If the last 20 years were about the web, then the next 20 will be about making. Why? Ubiquitous connectivity and decentralised production in the virtual world have made revolutions in creating, sharing and consuming on-line. Now the same changes are starting in the world of manufacturing, and the consequences are likely to be massive.

Remember how hard it used to be to publish? Photocopiers spawned a whole generation of fliers and fanzines, but the big-time of global distribution used to be a very closed world. When we publish we share, and the web has let us share as never before — but, until recently, we've mostly used the web to share information (in the form of bit streams of one sort or another). The next revolutionary wave of technology brings the ability to share into the physical world — it brings the information revolution from bits to atoms. And as Chris Anderson writes in his Makers1, the physical world dwarfs the virtual. (There's perhaps an 80-20 ratio between economic activity devoted to atoms in comparison to bits.)

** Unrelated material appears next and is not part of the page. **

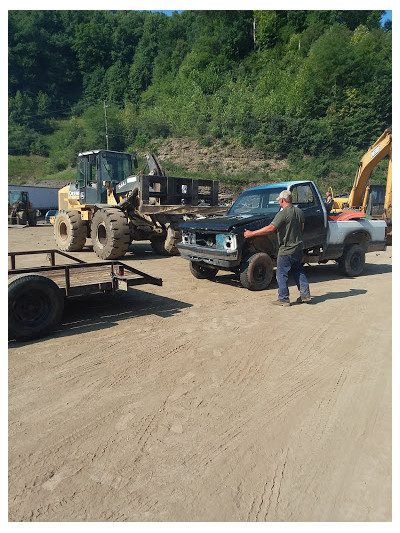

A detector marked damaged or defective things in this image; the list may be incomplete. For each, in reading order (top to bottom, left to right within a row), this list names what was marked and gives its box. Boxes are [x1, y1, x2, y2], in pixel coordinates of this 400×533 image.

Capitalism drives innovation, which brings with it continual waves of technological revolution.2 Anderson's book quotes Cory Doctorow saying that increasingly "the money on the table is like krill" — many many tiny chunks of nutrition that suits a new type of sieve, smaller and more distributed (a "long tail"). Both authors imagine the changes that will take place when the means of production become minituarised, localised, and — in a sense — democratised. At least under some circumstances the small and the open and the fast moving can sneak beneath the corporate radar long enough to become viable alternatives — like my friends at Pimoroni in Sheffield, for example, who sold tens of thousands of locally-made boxes for the Raspberry Pi.

The new methods of manufacturing (CAD-CAM designs driving CNC routers, 3D printing and laser cutting), and the new culture of open source and dynamic virtual organisations start to challenge corporate dominance, at least around the edges. China's explosive growth and its willingness to ignore the west's definition of "intellectual property" helps too (though bringing with it the labour relations of the sweatshop).

Anderson talks of a "future where the Maker Movement is more about self-sufficiency... than it is about building businesses...". This, he says, is "closer to the original ideas of the Homebrew Computing Club or the Whole Earth Catalogue. The idea, then, was not to create big companies, but rather to free ourselves from big companies" (pp. 225-226)

We can also make a link into the argument for localist economics made by organisations like the Transition Network (e.g. in Rob Hopkins' books) — peak oil, social instability and environmental crisis all point to the local and the small scale as a key source of sustainability and resilience. The more stuff we can manufacture within short distances of where we live, the safer we are (not to mention the saved carbon in long-distance transport).

Welcome to the future — perhaps it will be of our own making :-)

[Looking for my old pages? They're here.]


  1. The title and the theme echo Cory Doctorow's Makers; read them both!
  2. The unfortunate thing, of course, is that it doesn't do this in service of human need, but as part of the competition for corporate profit — hence our inability to stop the degradation of our environment, or the banker-oriented response to the economic crisis, or the continual wars over oil in the Middle east. This isn't about bad people, or even bad ideas — it is the central logic of the system that revolves around competition between vast corporations, and everything else is secondary. See Joel Bakan's The Coporation for a good description of how this works (or doesn't!).